Gradient of $|\sum_{k=1}^Nx_k^2e^{-j\frac{2\pi}Nkl}|$? How to evaluate gradient of this function ?
$$\displaystyle f(\mathbf{x}) = \sum_{l=1}^{N-1} \left(|\sum_{k=1}^Nx_k^2e^{-j\frac{2\pi}Nkl}| - A\sum_{k=1}^Nx_k^2\right)^2 $$
$\mathbf{x}$ is a real vector.
Even knowing how to evaluate gradient of $\displaystyle \left|\sum_{k=1}^Nx_k^2e^{-j\frac{2\pi}Nkl}\right|$ is so useful for me.
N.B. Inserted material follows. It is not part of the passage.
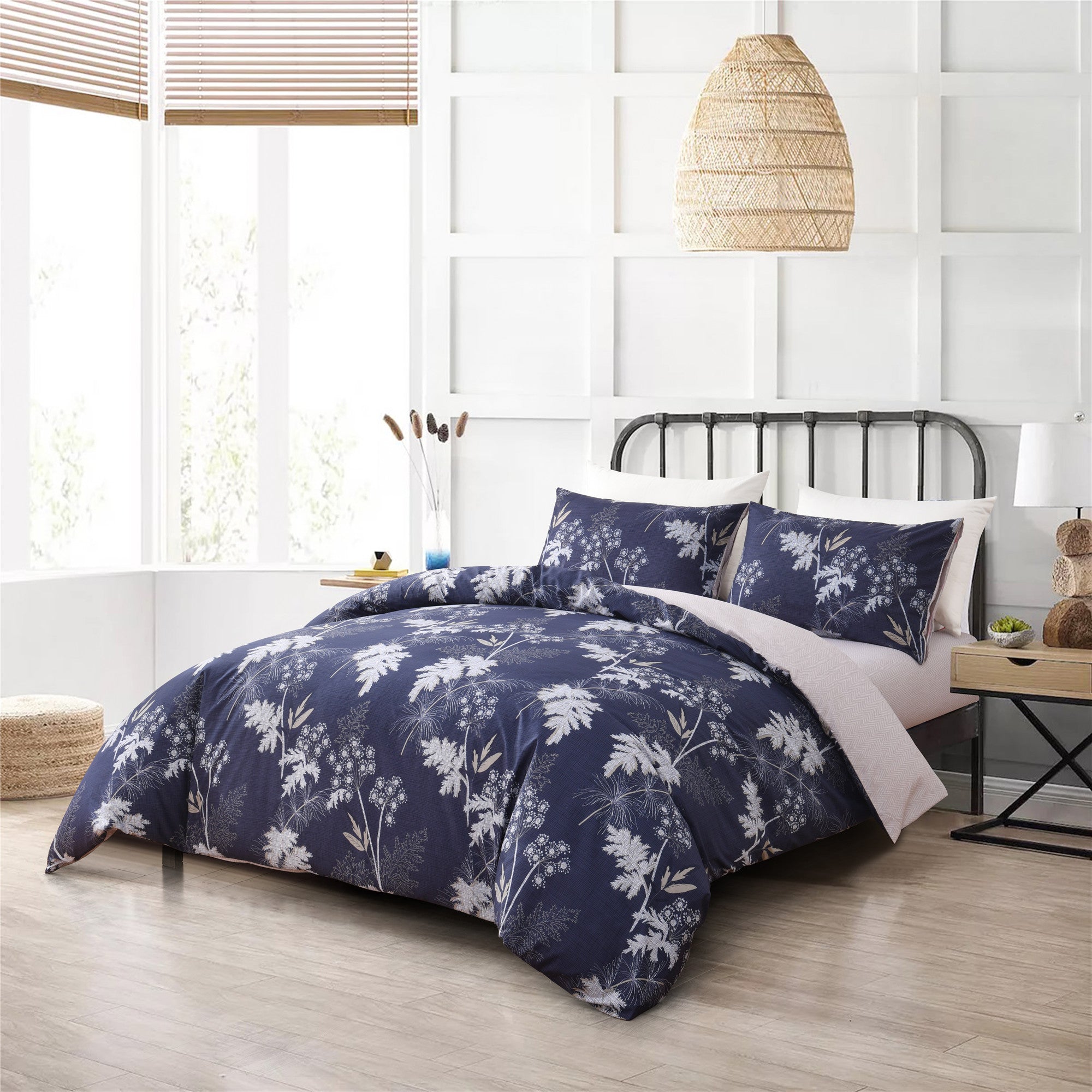 Bellemosa 75D Microfibre Quilt Cover Set - Quilt Cover | Pillowcases | Flat Sheet  - Midnight Meadow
The most difficult part for me is the $|h(x)|$ function! what is its derivative? 
If $h(x)$ was a real function its derivative would be $h'(x) sgn (h(x))$! But here it is not!
 A: As a preliminary, let us begin with the following computation. Let $h : \mathbb{R} \to \mathbb{C}$ be the (differentiable) function $a x^2 + b$, $a,b \in \mathbb{C}$, and $g(x) = |h(x)|$; we will compute $g'(x)$. First, note that:
$$ (g^2)'(x) = (h \cdot \bar{h})'(x) = h(x) \cdot \bar{h}'(x) +  \bar{h}(x) \cdot h'(x) 
\\ = 2 ax (\bar{a}x^2 + \bar{b}) +  2 \bar{a}x (x^2 + b)  = 4 \bar{a}a x^3 + 4 \Re  \bar{a}b x
= 4x \bar{a} \Re h(x)$$
So, we have 
$$g'(x) = \frac{(g^2)'(x)}{2g(x)} = \frac{2x \bar{a} \Re h(x)}{g(x)} $$
It follows that in your problem, if you put $h(\mathbf{x}) := \sum_k x^2_k e^{j \alpha_k}$ (with $\alpha_k = \frac{2 \pi kl}{N}$, dependent implicitly on $l$) you get:
$$
\frac{\partial |h(\mathbf{x})|}{\partial x_m} 
= \frac{2x_m e^{j \alpha_m} \Re h(\mathbf{x})}{|h(\mathbf{x})|} 
= \frac{2x_m e^{j \alpha_m} \sum_k x_k^2 \cos \alpha_k }{\sqrt{ \left(\sum_k x_k^2 \cos \alpha_k\right)^2+\left(\sum_k x_k^2 \sin \alpha_k\right)^2}} 
$$
I hope you can use this to compute $\frac{\partial f(\mathbf{x}|}{\partial x_m}$, and hence the gradient. My impression is that it should be doable, but terribly messy.